3. Saya (Penulis kitab Kifayatul Akhyaar) katakan: “Telah banyak menyebar kebodohan di kalangan masyarakat, dan terlebih lagi di kalangan saudagar/pedagang, dimana hati mereka telah terikat dengan harta dunia yang fana ini, mereka berfoya-foya dengan makanan yang mahal, pakaian yang mewah, bersenang-senang dengan wanita-wanita cantik, dan lain-lain, hingga munculnya sikap kecintaan kepada dunia dan pemuliaan kepada mereka dari kalangan ahli tasawuf padahal ahli tasawuf sudah dikenal sebagai kelompok orang yang memisahkan diri dari dunia dan berkonsentrasi dengan amalan ibadah kepada Rabb mereka, dimana setiap mereka melakukan satu amalan ibadah dan dzikir tertentu, hingga ia dikenal termasuk kelompok tertentu atau ikut kepada pemimpin kelompok tertentu tersebut, semisal ahmadiyah dan qadariyah, dan mereka telah berbohong dalam pengakuan ibadah kepada Allah dan kecintaan kepada-Nya. Mereka ini tidak berhak menerima zakat satu sen pun, bahkan tidak halal seseorang menyerahkan zakatnya kepada mereka ini. Dan siapa yang tetap memberikan zakatnya kepada mereka ini, maka itu tidak bisa mencukupinya bahkan belum gugur kewajiban zakat karenanya, maka ia harus mengulang pembayaran zakatnya dengan memberikannya kepada pihak lain. Adapun sekte-sekte lainnya, dan ini sangat banyak sekali, semisal al-qaladariyah, al-haidariyah, maka setiap mereka berbeda-beda dalam penyelisihan mereka terhadap Al-Qur’an dan Sunnah, diantara mereka ada yang meyakini al-hulul (keyakinan menyatunya Allah dengan makhluk, -pent) dan al-mulhidah (anti tuhan), mereka ini jauh lebih kafir daripada Yahudi dan Nashari. Siapa yang memberikan zakatnya kepada mereka atau memberikan shadaqah kepada mereka, maka ia telah bermaksiat kepada Allah, dan Allah akan mengazabnya kelak jika Dia berkehendak. Dan wajib atas setiap orang yang mampu untuk mengingkarinya hendaklah ia mengingkari hal itu. Dan dosa-dosa mereka juga terkait dengan pemerintah karena melalui merekalah sebenarnya Allah menitipkan tampuk kekuasaan untuk memenangkan al-haq, memberantas kebatilan, dan membumihanguskan apa saja yang diperintahkan Rasulullah shallallahu alaihi wa sallam untuk dibumihanguskan. Wallahu a’lam.
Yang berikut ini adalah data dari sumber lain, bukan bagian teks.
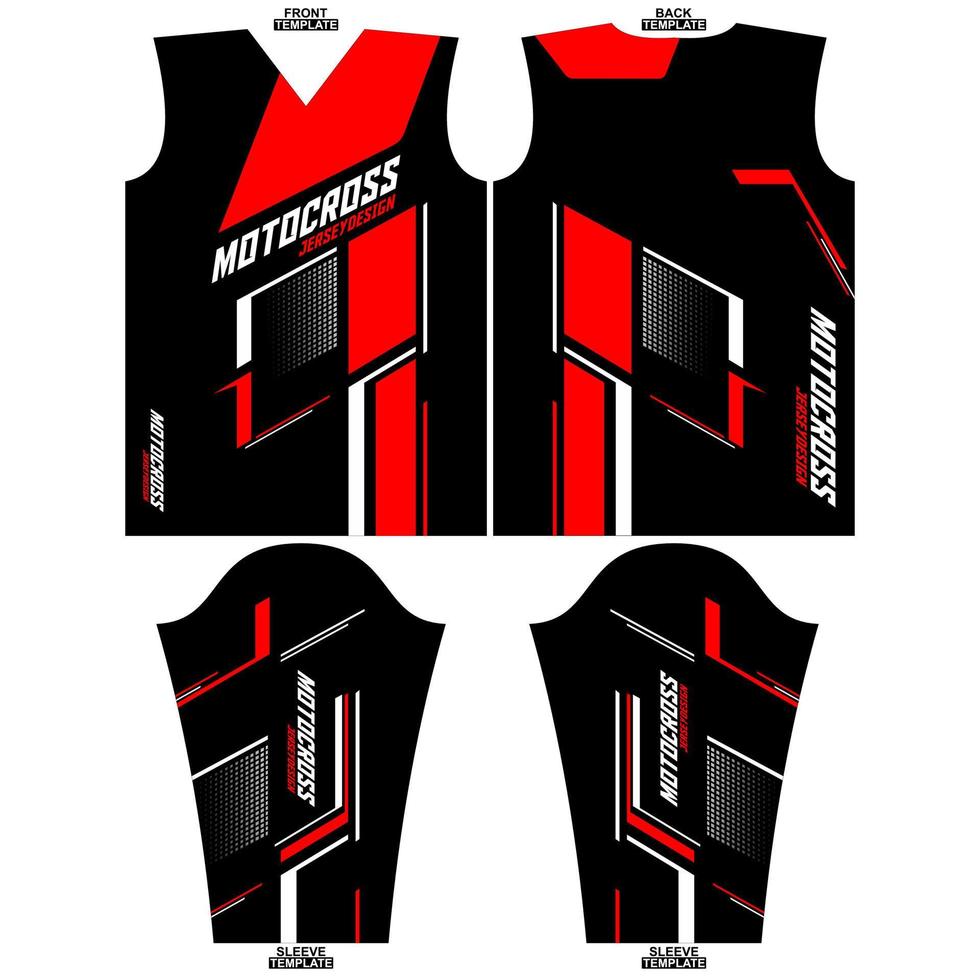 listo para imprimir sublimación motocross largo manga jersey diseño vector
4. Anak kecil, jika tiada ada yang membiayai kehidupannya, maka ada sebagian ulama yang mengatakan bahwa ia tidak diberi zakat karena ia sudah tercukupi dengan harta anak yatim, semisal ghanimah (rampasan perang). Namun, yang benar adalah ia tetap diberi zakat, melalui pemeliharanya, sebab terkadang tidak ada yang memberikan sumbangan kepada si yatim tersebut selain orang pemelihara tersebut, dan juga terkadang tidak ada pos dana yatim, sebab bapaknya adalah seorang fakir. Saya katakana: “Masalah ghanimah, telah banyak terjadi penerlantaran urusan karena penyelewengan pemerintah dalam menyalurkan ghanimah ini. Maka, perlu ada keputusan, yaitu bahwa boleh hukumnya memberikan sebagian ghanimah kepada yatim, kecuali jika anak yatim itu adalah dari kalangan terhormat, maka tidak diberi, meskipun ia dilarang dari menerima khumus (20 %) bagian dari ghanimah tersebut. Wallahu a’lam.